Implementing gas foil bearings (GFBs) in micro gas turbine engines is a proven approach to improve system efficiency and reliability. Adequate thermal management for operation at high temperatures, such as in a gas turbine or a turbocharger, is important to control thermal growth of components and to remove efficiently mechanical energy from the rotor mainly. The paper presents a test rotor supported on GFBs operating with a heated shaft and reports components temperatures and shaft motions at an operating speed of 37 krpm. An electric cartridge heater loosely inserted in the hollow rotor warms the test system. Thermocouples and noncontact infrared thermometers record temperatures on the bearing sleeve and rotor outer diameter (OD), respectively.

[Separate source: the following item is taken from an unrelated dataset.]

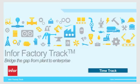Welcome to this overview of the TimeTrack module, a part of the Infor Factory Track solution portfolio.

No forced cooling air flow streams were supplied to the bearings and rotor, in spite of the high temperature induced by the heater on the shaft outer surface. With the rotor spinning, the tests consisted of heating the rotor to a set temperature, recording the system component temperatures until reaching thermal equilibrium in ∼ 60 min, and stepping the heater set temperature by 200 °C. The experiments proceeded without incident until the heater set temperature equaled 600 °C. Ten minutes into the test, noise became apparent and the rotor stopped abruptly. The unusual operating condition, without cooling flow and a too large increment in rotor temperature, reaching 250 °C, led to the incident which destroyed one of the foil bearings. Post-test inspection evidenced seizure of the hottest bearing (closest to the heater) with melting of the top foil at the locations where it rests on the underspring crests (bumps). Analysis reveals a notable reduction in bearing clearance as the rotor temperature increases until seizure occurs. Upon contact between the rotor and top foil, dry-friction quickly generated vast amounts of energy that melted the protective coating and metal top foil. Rather than a reliability issue with the foil bearings, the experimental results show poor operating procedure and ignorance on the system behavior (predictions). A cautionary tale and a lesson in humility follow.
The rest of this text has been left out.